Gardes-pêche complices.
Mais le problème est encore plus grave quand on fouille un peu plus. Selon nos sources, les pilleurs bénéficieraient souvent de la complicité de certains gardes-pêche et gardes-côte. Ces derniers auraient pris l’habitude de fermer les yeux contre “enn kari”. Nous en avons nous-même été témoins à quelques reprises. “Depi Bambous desann mem ziska Rivière-Noire ena sa model la e tou dimounn kone sa”, confie un pêcheur du sud. Vassen Kauppaymuthoo confie avoir eu vent de ces pratiques également. “Ce sont des choses qui se disent sur la côte, il faut que les autorités prennent cela en considération et règle le problème.”
Pour bien situer les choses, la pêche illégale est en train de mettre en péril la pérennité de nos ressources en poissons dans les lagons. À terme, les lagons seront vidés de leurs habitants et les pêcheurs n’auront plus de quoi poursuivre leurs activités. Mais cette prise de conscience tarde à se frayer un chemin auprès de toute la communauté des pêcheurs. En effet, certains pêcheurs professionnels qui possèdent la carte de pêche, se laissent parfois tenter par l’appât du gain. Au lieu de laisser les ressources se renouveler, ils contribuent à les détruire en s’adonnant eux aussi à la pêche à la senne en saison de ponte.

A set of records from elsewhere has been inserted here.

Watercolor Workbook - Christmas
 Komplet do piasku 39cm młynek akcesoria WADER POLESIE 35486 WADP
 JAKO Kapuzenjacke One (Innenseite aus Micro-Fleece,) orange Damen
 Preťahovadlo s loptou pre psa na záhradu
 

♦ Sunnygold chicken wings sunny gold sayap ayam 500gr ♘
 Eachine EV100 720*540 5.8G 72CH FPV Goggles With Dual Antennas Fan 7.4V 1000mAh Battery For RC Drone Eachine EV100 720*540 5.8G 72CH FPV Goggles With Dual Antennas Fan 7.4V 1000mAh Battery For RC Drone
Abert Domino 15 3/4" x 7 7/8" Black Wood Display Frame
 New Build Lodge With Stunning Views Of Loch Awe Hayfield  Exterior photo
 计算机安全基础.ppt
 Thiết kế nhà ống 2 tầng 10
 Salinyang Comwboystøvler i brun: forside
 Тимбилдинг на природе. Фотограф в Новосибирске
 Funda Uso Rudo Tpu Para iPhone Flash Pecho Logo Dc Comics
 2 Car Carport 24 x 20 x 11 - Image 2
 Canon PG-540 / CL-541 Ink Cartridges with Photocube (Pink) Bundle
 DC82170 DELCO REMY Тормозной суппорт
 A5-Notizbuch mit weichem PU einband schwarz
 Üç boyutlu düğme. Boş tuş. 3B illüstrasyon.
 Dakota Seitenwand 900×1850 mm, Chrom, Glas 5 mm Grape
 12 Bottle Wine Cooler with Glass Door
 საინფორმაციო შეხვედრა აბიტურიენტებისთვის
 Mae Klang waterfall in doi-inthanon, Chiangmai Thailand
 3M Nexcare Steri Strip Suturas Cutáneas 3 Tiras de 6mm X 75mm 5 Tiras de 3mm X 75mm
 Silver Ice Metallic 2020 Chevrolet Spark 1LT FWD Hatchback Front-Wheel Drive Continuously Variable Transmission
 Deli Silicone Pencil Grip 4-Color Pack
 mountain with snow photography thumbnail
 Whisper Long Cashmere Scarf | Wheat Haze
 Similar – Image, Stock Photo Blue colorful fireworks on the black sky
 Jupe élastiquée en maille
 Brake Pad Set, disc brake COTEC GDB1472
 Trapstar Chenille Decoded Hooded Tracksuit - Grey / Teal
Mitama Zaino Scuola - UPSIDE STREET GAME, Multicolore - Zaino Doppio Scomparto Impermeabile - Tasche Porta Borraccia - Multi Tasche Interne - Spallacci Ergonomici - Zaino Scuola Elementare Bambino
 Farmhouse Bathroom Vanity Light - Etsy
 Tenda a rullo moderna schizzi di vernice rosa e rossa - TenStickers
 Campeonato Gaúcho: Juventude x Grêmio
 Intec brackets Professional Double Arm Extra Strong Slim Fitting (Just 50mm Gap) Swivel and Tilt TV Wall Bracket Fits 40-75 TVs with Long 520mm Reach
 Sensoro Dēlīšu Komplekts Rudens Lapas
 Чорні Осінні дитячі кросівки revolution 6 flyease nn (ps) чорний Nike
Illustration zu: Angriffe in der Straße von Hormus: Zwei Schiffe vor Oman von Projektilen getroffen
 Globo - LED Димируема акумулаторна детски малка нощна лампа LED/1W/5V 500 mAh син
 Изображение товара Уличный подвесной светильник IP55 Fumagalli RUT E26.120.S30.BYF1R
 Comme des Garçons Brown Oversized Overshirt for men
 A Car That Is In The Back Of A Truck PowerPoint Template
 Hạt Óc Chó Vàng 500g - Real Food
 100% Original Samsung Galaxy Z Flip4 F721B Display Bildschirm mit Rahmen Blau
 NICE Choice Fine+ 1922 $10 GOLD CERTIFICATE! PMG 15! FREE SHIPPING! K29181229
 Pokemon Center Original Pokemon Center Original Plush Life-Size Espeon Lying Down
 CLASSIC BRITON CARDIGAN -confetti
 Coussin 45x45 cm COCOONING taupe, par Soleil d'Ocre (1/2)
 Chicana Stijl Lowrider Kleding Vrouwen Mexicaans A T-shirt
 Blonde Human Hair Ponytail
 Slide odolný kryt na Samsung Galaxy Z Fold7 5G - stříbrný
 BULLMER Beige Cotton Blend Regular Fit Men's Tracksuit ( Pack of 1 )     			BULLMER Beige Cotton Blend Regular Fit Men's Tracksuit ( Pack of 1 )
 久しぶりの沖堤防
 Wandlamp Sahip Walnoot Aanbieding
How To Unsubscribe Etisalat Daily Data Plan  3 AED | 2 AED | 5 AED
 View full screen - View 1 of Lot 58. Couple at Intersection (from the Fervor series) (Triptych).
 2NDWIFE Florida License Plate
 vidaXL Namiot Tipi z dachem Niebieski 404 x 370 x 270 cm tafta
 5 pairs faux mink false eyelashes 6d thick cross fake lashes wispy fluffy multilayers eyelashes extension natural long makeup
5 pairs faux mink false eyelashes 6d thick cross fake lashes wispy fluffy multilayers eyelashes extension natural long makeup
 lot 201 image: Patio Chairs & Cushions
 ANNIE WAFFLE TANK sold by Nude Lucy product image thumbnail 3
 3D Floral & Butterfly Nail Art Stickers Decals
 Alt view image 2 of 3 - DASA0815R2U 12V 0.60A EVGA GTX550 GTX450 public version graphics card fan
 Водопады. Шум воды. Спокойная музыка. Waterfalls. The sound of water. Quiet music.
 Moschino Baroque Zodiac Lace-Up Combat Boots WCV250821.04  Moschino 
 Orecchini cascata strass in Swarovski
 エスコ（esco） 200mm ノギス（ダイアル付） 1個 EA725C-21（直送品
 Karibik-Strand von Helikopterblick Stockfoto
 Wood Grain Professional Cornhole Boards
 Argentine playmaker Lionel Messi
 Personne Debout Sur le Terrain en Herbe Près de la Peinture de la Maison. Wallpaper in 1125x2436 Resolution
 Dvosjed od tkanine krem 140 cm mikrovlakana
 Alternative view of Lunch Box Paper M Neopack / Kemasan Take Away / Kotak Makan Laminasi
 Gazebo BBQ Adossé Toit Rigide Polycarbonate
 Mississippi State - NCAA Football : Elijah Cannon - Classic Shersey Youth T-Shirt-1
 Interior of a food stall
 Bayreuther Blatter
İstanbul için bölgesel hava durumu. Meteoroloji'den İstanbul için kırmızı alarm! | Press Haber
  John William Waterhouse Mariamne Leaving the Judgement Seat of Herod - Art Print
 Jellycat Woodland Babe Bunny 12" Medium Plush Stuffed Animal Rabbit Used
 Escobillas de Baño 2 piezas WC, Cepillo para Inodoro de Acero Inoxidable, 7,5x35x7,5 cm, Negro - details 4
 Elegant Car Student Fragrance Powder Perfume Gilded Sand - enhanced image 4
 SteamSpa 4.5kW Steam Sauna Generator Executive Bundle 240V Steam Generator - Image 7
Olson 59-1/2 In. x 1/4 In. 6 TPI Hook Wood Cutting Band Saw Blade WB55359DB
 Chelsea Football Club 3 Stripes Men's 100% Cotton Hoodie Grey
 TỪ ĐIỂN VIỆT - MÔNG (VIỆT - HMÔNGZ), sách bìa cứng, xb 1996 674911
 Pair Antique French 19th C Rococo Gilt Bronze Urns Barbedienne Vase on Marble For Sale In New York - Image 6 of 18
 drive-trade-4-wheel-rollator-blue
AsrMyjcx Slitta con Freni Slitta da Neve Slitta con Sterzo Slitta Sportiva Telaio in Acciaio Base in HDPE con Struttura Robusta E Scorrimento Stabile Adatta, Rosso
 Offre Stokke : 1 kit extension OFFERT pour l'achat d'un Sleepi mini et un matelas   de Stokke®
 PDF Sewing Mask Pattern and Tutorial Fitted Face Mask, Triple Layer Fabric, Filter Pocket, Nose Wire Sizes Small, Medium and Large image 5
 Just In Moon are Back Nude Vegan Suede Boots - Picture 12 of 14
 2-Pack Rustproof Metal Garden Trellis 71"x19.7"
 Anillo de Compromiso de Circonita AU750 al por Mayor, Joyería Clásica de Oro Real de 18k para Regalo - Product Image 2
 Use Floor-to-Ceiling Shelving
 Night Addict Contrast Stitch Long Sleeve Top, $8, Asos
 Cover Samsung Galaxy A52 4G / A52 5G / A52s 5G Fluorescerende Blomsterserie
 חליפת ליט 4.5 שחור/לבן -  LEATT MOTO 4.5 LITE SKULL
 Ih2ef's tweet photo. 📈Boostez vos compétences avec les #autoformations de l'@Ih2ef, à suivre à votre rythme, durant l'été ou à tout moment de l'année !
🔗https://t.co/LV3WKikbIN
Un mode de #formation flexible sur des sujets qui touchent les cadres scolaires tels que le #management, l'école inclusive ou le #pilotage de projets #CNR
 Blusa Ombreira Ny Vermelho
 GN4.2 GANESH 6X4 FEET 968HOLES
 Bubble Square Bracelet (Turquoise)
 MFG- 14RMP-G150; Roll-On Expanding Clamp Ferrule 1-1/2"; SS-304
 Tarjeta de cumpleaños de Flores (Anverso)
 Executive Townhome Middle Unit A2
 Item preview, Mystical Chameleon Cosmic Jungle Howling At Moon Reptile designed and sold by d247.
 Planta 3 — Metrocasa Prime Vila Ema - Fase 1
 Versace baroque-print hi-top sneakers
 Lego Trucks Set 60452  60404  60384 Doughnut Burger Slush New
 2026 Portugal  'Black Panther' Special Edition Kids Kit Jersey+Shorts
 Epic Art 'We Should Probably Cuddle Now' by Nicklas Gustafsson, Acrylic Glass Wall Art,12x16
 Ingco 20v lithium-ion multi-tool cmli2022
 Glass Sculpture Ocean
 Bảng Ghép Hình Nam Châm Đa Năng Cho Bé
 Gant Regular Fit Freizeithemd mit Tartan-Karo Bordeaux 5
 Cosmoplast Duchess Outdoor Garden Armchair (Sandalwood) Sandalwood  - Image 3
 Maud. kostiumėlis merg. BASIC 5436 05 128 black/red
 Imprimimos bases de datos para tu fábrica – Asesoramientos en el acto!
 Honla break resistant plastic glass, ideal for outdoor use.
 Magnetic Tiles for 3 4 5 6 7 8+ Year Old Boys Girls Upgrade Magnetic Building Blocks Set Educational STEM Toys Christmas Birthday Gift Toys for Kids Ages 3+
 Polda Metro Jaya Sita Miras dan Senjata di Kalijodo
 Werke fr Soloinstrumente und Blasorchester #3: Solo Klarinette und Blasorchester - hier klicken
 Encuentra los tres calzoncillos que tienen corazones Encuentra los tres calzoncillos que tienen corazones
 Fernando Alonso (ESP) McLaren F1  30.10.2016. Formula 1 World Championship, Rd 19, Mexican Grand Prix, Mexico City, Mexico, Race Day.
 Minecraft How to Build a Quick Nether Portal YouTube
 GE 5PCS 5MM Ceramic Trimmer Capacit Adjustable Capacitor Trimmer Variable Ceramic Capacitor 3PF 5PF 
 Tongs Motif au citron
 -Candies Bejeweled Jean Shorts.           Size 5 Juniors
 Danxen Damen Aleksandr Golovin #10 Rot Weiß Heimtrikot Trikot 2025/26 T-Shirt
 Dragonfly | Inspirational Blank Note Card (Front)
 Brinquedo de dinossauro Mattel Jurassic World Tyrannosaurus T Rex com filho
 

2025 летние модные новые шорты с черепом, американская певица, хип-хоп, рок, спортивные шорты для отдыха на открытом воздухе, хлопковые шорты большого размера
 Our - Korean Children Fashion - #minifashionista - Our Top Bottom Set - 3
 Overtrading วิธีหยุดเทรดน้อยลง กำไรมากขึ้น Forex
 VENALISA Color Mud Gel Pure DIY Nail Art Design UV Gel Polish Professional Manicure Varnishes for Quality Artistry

Ces mêmes personnes se révolteront ensuite quand elles n’attraperont plus de poissons dans les lagons.
‘Kras dan zot prop lasiet manze’.
Victor, pêcheur depuis 40 ans, connaît bien le problème pour voir ses collègues s’adonner à ces pratiques. “Je passe mon temps à leur expliquer comment ils sont en train de ‘kras dan zot prop lasiet manze’, en faisant cela mais ‘zot deklar sourd’. Si cela continue, dans 10 ans, nos lagons seront vides, beaucoup de pêcheurs seront au chômage. Le public ne mangera que des poissons comme le thon qui sont pêchés en haute mer. Le poisson frais se fera rare, les capitaines, batardés, dames bérri, cordonniers ou mulets ne seront plus sur les étales. Nous devrons compter uniquement sur l’exportation pour manger du poisson. Pour un pays qui est entouré d’eau, ce sera une honte.”
Chiffres
Les chiffres des 3 dernières années montrent que la pêche illégale fait partie du quotidien. L’année dernière, malgré le confinement 176 cas ont été rapportés par le Fisheries Protection Service du ministère de la Pêche. Parmi eux, 67 cas de sennes illégales, 63 cas de pêche sous-marine et 8 de prises de poissons en dessous des tailles permises. En 2019, 375 cas avaient été rapportés pour 342 en 2018.